In this context, it is puzzling that we maintain that ULIRGs host passive star formation, although most if not all of them are mergers. The most plausible explanation of this paradox involves spatial resolution and the relative dominance of the "passive'' ISM in ULIRGs (see Sect. 5.2). Given the large contribution from their cool ISM, the emission in ULIRGs integrated over large spatial scales appears passive. Even though "active'' star formation must be occurring, it can be revealed only on small spatial scales, or by its hot dust. A case in point is the ULIRG in our sample, IRAS 23365+3604. This galaxy hosts several young ($\leq$10 Myr) star clusters (Surace et al. 2000), but is classified optically as a LINER (Veilleux et al. 1995). The LINER classification is probably not caused by an AGN, but rather by shocks generated in galactic superwinds (Lutz et al. 1999). We classify this object as "active'' because of its extremely red K-L, but its ISO spectrum contains prominent AFEs (Tran et al. 2001). Young star clusters probably heat the dust responsible for the red K-L, while the ISO aperture encompasses the entire galactic disk (see Surace et al. 2000). Hence, IRAS 23365+3604 appears both active and passive: active because of its red K-L, and passive because of the overwhelming disk ISM.

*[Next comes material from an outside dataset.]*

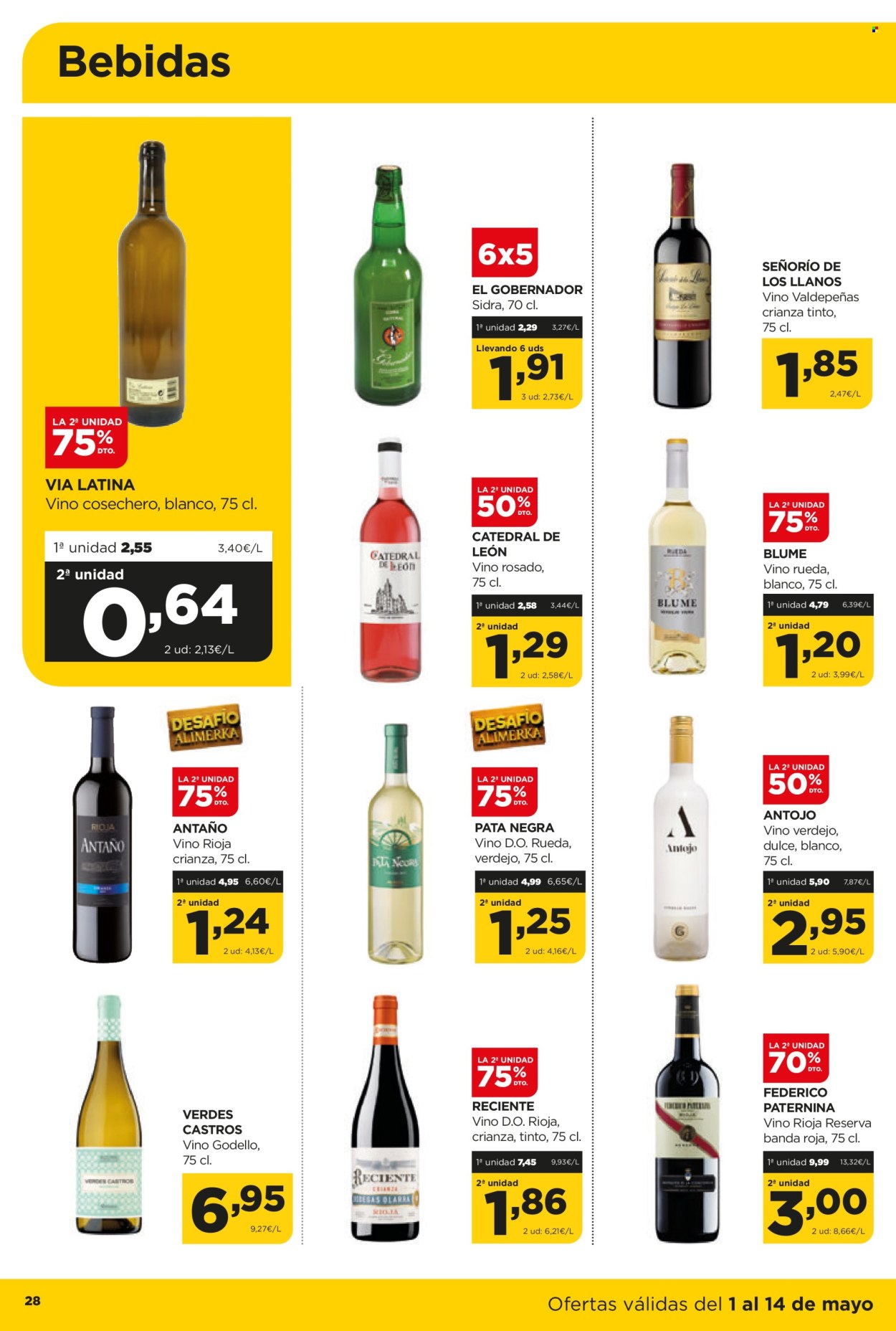 Folleto Alimerka - 01/05/25 - 14/05/25. Página 1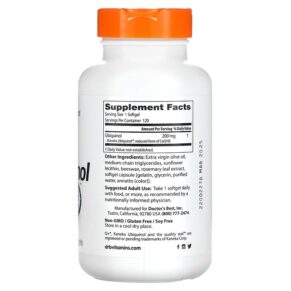 Thực phẩm bổ sung Doctor's Best Ubiquinol with Kaneka 200 mg 120 Softgels 753950002753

Including the effects of active star formation in models of galaxy evolution (e.g., Granato et al. 2000) would not be straightforward. Nevertheless, when star formation occurs on spatial scales $\la$100 pc (see Sect. 5.1), the intense radiation field, high pressure, and diminished AFEs should be taken into account. Indeed, suppressed AFEs coupled with the hot dust revealed by our photometry substantially alter the infrared spectrum of star-forming galaxies. This may be especially important in hierarchical merger models because of the supposed link between "active'' star formation and interactions.